Let’s get started:   

INTERFACE 

Here’s a rundown of the basic interface and features of the Pixlr app: 

  • BASE SCREEN: Pixlr provides a base screen, or what I like to call my “canvas” for your main image. On the toolbar at the bottom of this base is a row of four icons that allow you to access various tools for editing, painting, filters and effects, borders and frames, and type.  

  • TOOLS: A submenu contains several additional editing tools including tools for cropping, healing, and making adjustments like contrasting light and shadows and changing hues, as well as creating double exposures. There are also additional tools available for erasing or painting with different size brushes.  

  • FILTERS: A wide variety of filters are available in many colors and textures. There are other filters and frames that you can order as well for an additional fee. 

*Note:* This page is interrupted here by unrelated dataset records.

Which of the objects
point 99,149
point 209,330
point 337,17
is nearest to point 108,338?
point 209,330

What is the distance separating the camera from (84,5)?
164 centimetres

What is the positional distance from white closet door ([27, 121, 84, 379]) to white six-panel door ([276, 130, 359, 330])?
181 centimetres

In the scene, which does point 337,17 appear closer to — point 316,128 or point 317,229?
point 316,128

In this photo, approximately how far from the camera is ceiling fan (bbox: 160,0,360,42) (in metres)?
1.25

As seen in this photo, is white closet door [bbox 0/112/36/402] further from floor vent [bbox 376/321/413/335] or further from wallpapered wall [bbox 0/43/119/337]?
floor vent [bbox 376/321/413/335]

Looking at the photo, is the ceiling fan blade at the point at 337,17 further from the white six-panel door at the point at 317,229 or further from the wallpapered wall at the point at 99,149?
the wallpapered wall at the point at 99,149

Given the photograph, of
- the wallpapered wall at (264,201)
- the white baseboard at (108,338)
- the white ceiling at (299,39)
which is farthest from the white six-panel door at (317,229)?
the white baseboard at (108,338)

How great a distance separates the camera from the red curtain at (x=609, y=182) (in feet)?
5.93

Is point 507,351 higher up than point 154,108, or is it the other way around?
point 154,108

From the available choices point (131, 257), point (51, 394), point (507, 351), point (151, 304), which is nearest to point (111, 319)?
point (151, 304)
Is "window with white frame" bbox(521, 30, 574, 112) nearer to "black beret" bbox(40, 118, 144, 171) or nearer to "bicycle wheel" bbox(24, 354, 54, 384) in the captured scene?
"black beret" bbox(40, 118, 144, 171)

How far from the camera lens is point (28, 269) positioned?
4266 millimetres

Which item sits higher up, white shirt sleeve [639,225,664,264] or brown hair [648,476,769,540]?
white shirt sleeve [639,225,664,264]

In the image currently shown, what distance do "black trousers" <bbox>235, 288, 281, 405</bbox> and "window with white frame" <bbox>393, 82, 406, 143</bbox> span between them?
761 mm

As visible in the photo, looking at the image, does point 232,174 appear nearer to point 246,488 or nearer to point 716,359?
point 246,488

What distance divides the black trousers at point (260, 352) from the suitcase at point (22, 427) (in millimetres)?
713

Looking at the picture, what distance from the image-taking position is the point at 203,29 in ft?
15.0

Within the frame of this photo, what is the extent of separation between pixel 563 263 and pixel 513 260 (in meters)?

  • FRAMES: Choose from a selection of frames including black or white borders or distressed edges for a more artistic look. There are also additional filters that are marked with a small crown icon (indicating a “royalty” or copyrighted image) that you can use for a fee. 

  • TEXT: You can add text to your images by choosing from a variety of serif and san serif fonts. You can also adjust the size and position of the text. 

 

 

From left to right, the icons on the image above represent the Toolbox, Paintbrushes, Special Effects and Filters, Frames and Borders, and Text. 

I’m going to use the icons mentioned above to add some filters and effects to this base art. You may want to experiment with some of these tools and see the effects that you can achieve. I adjusted the main image to be a little less saturated with color and made the hue a little less bright by using different filters. I also plan to adjust the opacity in the bar that appears below the image after choosing which icon I want to use. The first icon on the bottom bar is the Toolbox, so let’s look at the submenu for this tool. 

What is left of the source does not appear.